To help keep our applications config manageable, rather than just referring to process.env.<variable-name> we have a base config object which may or may not have some typing info based on a TS definition. This config object is built up using a combination of files checked in to the repo, arguments passed in to the running process and environment variables, especially for secrets.

An example of a config file that we use is as follows:
config

nconf then uses the convention of the double underscore __ to take env and argv variables and set properties on the object for different environments. So some example environment variables related to the above file would be:
env

As you can probably figure out, now that all the env variables are automatically uppercased the intended properties no longer get set/replaced.
It would be really great to have the option to turn off this functionality for a pipeline or on a per-variable basis

It would be great if we can have a system variable to opt out of this upper case function in pipelines.

@arbreezy you're right it would be great if they would at least give us that compromise... but unfortunately @TingluoHuang @bryanmacfarlane both seem to think that the fact this issue was created specifically due to the inconsistency with other agents and the fact that they're breaking people doesn't matter... this issue really should be reopened and addressed.

To be pretty blunt here, this team needs to start considering the needs of developers rather than making decisions on their own that have a track record of breaking other teams at Microsoft, and large community OSS projects in addition to lots of customers.

It would be great if we can have a system variable to opt out of this upper case function in pipelines.

Yes!
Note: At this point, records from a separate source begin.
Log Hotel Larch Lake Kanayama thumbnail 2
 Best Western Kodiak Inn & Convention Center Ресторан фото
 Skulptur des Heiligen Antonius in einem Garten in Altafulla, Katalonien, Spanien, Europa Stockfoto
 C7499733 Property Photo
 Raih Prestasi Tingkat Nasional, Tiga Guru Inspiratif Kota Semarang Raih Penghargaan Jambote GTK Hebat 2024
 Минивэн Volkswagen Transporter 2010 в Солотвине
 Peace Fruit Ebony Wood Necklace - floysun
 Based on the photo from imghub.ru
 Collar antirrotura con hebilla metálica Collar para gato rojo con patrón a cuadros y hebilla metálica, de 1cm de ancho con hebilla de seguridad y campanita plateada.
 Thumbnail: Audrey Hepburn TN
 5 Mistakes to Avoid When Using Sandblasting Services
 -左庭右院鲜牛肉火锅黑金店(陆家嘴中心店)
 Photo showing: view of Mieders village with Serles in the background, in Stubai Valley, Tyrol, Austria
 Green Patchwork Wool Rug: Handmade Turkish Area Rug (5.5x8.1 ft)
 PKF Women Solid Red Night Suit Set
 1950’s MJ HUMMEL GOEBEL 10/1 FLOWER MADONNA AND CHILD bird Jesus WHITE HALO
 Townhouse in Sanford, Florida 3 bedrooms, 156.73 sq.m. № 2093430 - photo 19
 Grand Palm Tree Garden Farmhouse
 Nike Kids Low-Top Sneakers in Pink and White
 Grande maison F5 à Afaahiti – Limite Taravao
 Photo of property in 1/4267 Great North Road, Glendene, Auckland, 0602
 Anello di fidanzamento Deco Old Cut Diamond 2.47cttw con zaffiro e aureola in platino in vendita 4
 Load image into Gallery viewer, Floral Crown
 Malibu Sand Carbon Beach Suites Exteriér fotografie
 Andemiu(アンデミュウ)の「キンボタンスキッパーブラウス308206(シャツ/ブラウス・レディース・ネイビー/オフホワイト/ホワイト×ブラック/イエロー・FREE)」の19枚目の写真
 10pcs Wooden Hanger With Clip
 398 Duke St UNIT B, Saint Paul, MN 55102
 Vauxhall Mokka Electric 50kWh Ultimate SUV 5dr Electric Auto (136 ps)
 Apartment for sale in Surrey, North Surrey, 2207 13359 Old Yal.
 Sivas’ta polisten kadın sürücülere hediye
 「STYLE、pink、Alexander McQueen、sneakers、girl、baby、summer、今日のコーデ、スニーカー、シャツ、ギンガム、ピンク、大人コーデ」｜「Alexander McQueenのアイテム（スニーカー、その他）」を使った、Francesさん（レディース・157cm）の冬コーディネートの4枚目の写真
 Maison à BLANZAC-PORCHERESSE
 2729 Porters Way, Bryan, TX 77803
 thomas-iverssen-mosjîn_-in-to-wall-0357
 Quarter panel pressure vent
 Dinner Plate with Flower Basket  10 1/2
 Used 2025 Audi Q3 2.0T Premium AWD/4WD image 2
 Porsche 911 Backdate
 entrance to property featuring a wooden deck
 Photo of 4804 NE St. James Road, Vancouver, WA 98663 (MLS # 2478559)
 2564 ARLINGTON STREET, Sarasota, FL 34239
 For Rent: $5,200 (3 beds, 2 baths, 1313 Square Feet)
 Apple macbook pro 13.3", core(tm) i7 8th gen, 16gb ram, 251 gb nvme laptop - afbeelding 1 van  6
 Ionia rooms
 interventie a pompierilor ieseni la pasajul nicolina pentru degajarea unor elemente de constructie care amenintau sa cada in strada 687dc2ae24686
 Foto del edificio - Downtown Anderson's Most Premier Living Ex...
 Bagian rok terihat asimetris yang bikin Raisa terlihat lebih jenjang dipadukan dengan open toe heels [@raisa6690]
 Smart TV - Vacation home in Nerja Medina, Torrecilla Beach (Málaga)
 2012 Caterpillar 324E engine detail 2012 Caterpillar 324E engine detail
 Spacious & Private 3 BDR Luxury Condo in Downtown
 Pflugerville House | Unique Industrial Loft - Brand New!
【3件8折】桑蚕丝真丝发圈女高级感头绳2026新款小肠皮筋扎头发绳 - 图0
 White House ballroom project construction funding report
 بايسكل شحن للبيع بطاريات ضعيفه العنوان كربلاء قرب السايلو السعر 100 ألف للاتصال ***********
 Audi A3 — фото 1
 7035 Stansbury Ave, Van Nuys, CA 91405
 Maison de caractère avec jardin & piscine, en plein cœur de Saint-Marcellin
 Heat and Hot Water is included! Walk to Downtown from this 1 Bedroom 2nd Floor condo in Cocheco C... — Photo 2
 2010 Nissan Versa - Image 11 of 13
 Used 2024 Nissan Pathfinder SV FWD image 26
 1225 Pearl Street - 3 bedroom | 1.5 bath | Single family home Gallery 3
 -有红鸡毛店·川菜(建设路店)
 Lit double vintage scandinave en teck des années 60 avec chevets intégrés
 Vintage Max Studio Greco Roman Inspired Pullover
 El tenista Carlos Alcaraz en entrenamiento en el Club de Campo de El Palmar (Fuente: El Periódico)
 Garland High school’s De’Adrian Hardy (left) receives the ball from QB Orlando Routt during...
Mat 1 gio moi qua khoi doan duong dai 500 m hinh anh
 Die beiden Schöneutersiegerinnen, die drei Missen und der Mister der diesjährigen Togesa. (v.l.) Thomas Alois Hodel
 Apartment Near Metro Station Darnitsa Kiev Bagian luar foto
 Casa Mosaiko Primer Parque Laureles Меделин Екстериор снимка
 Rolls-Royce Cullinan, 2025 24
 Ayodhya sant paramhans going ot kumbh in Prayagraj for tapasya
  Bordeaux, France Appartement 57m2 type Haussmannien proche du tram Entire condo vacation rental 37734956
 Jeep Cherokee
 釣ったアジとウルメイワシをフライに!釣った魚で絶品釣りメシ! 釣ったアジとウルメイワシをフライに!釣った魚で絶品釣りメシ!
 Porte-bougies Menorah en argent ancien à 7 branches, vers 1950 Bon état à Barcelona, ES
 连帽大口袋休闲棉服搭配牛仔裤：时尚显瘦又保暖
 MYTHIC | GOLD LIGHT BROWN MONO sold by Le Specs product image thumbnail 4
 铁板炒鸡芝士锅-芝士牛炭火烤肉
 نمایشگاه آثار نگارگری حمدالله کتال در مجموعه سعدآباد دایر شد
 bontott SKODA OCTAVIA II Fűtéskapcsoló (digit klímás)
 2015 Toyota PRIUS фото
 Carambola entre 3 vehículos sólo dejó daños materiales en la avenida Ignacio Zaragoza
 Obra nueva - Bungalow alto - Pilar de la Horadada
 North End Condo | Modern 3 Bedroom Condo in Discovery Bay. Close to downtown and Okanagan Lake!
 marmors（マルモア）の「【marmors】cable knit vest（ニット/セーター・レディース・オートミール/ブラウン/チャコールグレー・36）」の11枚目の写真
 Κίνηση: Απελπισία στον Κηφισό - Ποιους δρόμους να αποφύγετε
But only if it's called OpT_out_Plz.

@dansiegel I reach out this discussion because I have installed your Mobile.BuildTools package and is not working the secrets feature on my azure devops pipeline, now I know way. But I think the choose of Secret_ prefix was a bad decision as exposed by @TingluoHuang:

Secret_ is a reserved variable prefix, since task-lib will consider that is a secret variable, there are also Input_, Endpoint_ etc.

@TingluoHuang I also think that the reserved variable prefixes should be informed in the documentation. Now I wondering why is reserved in windows agents but not in linux and macos agents?